The Rio Grande Valley’s reservoirs are low and water delivery systems are inefficient, say growers, who hope recent legislation will help South Texas realize its agricultural potential.

“The biggest need and the most bang for our buck is in improving our infrastructure,” said Ray Prewett, president of Mission-based Texas Citrus Mutual.

Prewett cited projects like lining canals and providing pipelines where feasible to improve a water delivery system designed in the early 1900s.

 

The water problem

Rio Grande Valley farmers are also dependent on two international reservoirs and can only obtain water for irrigation after municipal water needs are met.

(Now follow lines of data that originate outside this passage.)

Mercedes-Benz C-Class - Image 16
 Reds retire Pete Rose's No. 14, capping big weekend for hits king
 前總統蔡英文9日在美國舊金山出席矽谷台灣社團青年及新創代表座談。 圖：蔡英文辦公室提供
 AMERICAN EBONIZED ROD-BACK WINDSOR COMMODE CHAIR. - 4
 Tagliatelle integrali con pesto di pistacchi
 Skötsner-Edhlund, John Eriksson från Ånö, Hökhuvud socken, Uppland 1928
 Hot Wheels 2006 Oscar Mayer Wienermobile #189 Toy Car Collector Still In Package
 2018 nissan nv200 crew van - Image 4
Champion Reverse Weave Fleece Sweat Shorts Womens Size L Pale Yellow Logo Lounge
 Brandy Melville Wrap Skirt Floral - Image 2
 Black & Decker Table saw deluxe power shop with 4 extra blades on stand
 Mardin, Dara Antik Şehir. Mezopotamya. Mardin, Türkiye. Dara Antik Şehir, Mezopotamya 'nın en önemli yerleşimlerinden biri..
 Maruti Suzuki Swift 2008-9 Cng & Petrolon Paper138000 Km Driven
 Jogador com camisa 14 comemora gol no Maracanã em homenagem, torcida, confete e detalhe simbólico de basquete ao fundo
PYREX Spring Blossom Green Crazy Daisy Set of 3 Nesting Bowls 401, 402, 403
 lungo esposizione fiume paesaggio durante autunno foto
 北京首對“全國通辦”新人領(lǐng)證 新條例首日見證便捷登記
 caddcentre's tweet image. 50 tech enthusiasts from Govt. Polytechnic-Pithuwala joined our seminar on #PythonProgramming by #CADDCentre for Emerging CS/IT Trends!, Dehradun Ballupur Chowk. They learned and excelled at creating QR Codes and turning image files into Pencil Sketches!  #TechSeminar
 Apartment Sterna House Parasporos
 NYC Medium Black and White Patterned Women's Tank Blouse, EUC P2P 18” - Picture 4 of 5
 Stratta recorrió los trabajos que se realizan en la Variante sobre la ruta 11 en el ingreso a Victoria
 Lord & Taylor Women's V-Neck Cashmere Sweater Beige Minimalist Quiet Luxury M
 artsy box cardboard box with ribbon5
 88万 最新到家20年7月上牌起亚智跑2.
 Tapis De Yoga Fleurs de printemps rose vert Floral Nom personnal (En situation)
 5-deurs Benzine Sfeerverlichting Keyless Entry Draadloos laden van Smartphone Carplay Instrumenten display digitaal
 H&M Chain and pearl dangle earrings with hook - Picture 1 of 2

A 1944 water treaty signed with Mexico has meant that valley growers rely on enforcement of an international treaty to get water. Mexico has maintained a persistent water deficit.

“It’s a drop in the bucket compared to what we need,” said Bret Erickson, president of the Texas International Produce Association in Mission, with regard to the water payments.

“By no means are we anywhere near an ideal situation.”

Trent Bishop, vice president of sales for Lone Star Citrus Growers, Mission, said September and October rains have increased holding capacity, but not enough to stave off a flood of fear.

“Water is something that in our industry could keep you awake at night,” he said. “We are truly concerned.”

Dennis Holbrook, president of South Tex Organics, Mission, said he hopes projects in the pipeline will eliminate water loss through evaporation from reservoirs.

He added that growers are eager to take advantage of new technologies, such as drip irrigation. Despite the challenges, South Tex Organics is installing drip irrigation systems on its new vegetable land.

 

New loans

In 2012, Texas voters passed Proposition 6, a constitutional amendment that would make available $2 billion in low-interest loans for safe water conservation projects in the state.

Prewett said farmers are not directly eligible for loans, but municipalities, river authorities and irrigation water districts in the Rio Grande Valley can propose projects for funding.

The low-interest loans are part of a revolving program that is estimated to effectively provide $30 billion worth of low-interest loans for water conservation projects.

“We are excited about that. We do think it will make a difference,” he said.

Prewett and other growers said they do not expect to see any impact from the loans until 2016.